15 The towering pillars are about five light-years tall and are bathed in the blistering ultraviolet light from a grouping of young, massive stars located off the top of the image. Streamers of gas can be seen bleeding off the pillars as the intense radiation heats.

16 NGC 5189 shows a dying star expelling a large portion of its outer envelope. This material then becomes heated by the radiation from the stellar remnant and radiates, producing glowing clouds of gas. The central star now lives its final days as a white dwarf.

17 Hubble photographed a group of interacting galaxies called Arp 273
Hubble photographed a group of interacting galaxies called Arp 273. The larger of the spiral galaxies, known as UGC 1810, has a disk that is distorted into a rose-like shape by the gravitational tidal pull of the companion galaxy below it, known as UGC 1813.

18 This giant spiral disc of stars, dust, and gas is 170,000 light-years across or nearly twice the diameter of the Milky Way. The Pinwheel Galaxy, M101 is estimated to contain at least one trillion stars.

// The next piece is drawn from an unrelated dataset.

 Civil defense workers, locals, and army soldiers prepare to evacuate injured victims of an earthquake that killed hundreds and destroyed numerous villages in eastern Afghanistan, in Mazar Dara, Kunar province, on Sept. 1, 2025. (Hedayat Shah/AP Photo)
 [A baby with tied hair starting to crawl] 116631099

19 A bull's eye pattern of eleven or more concentric rings, or shells, surround the Cat's Eye Nebula. Each 'ring' is the edge of a spherical bubble seen projected onto the sky. Observations suggest the star ejected its mass in a series of pulses at 1,500-year intervals.

20 An expanding halo of light is seen around a distant star, named V838 Monocerotis (V838 Mon). The illumination of interstellar dust comes from the red supergiant star at the middle of the image, which gave off a flashbulb-like pulse of light in 2002.

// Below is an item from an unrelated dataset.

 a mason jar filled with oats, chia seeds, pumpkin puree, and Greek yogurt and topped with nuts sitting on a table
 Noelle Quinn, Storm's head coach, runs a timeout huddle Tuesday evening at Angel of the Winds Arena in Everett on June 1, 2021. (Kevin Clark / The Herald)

21 This image shows a fine web of filamentary "bicycle-spoke" features embedded in the red and blue gas ring of the Helix Nebula, which is one of the nearest planetary nebulae to Earth.

22 A nearly perfect ring of hot, blue stars pinwheels about the yellow nucleus of an unusual galaxy known as Hoag's Object. The blue ring, which is dominated by clusters of young, massive stars, contrasts sharply with the yellow nucleus of mostly older stars. 

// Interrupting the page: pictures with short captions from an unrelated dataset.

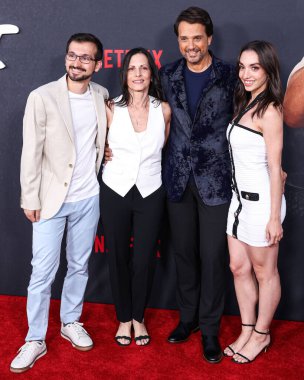 Daniel Macchio, Phyllis Fierro, Ralph Macchio, Julia Macchio arrive at Los Angeles Special Screening Of Netflix's 'Cobra Kai' Season 6, Part 1 held at Autry Museum of American West at Griffith Park on July 17, 2024 in Los Angeles, California, USA. clipart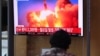 People watch a television news broadcast showing file footage of a North Korean missile test, at a railway station in Seoul on Sept. 28, 2021, after North Korea fired an "unidentified projectile" into the sea off its east coast, according to the South's military.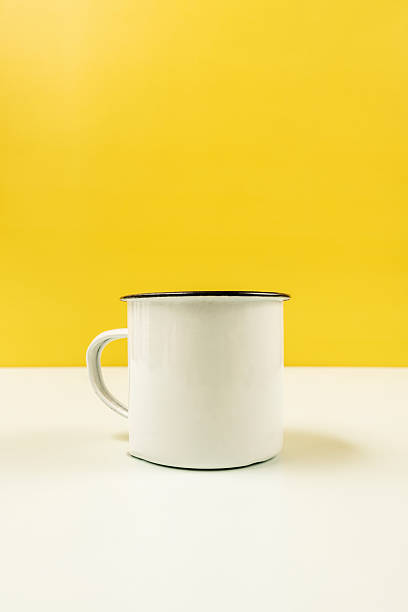 istock A white enameled metal mug on a smooth white surface with a yellow background 2241347519
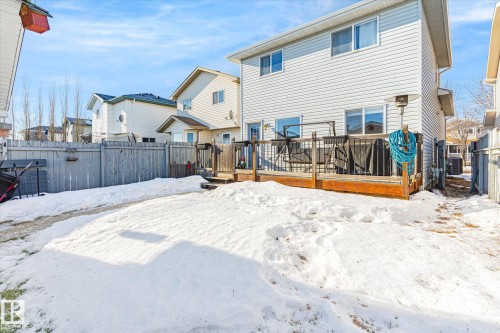 Snow covered rear of property with a fenced backyard and a deck - 3015 49, Beaumont, AB - Outdoor With Deck Patio Veranda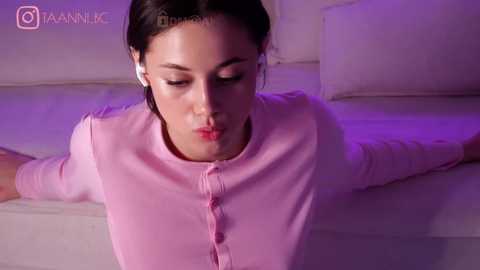 Media: Video of a young woman with olive skin and straight brown hair, wearing pink headphones and a light pink cardigan, lying on a white bed in a dimly lit room.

23 The Cone Nebula (NGC 2264) is giant pillar in a turbulent star-forming region 2,500 light-years away in the constellation Monoceros. Radiation from hot, young stars eroded the nebula over millions of years. Over time, only the densest regions of the Cone will be left. Inside these regions, stars and planets may form.

24 The Horsehead Nebula is part of a much larger complex in the constellation Orion. At about 1,500 light-years away, this complex is one of the nearest and most easily photographed regions in which massive stars are being formed.

25 The Hubble Ultra Deep Field is an image of a small area of space in the constellation Fornax. By collecting faint light over many hours of observation, it revealed thousands of galaxies, both nearby and very distant, making it the deepest image of the universe ever taken.

26 Messier 104 (M104) was named the Sombrero galaxy because of its resemblance to the broad rim and high-topped Mexican hat. As seen from Earth, the galaxy is tilted nearly edge-on. The galaxy is 50,000 light-years across and is located 28 million light-years from Earth.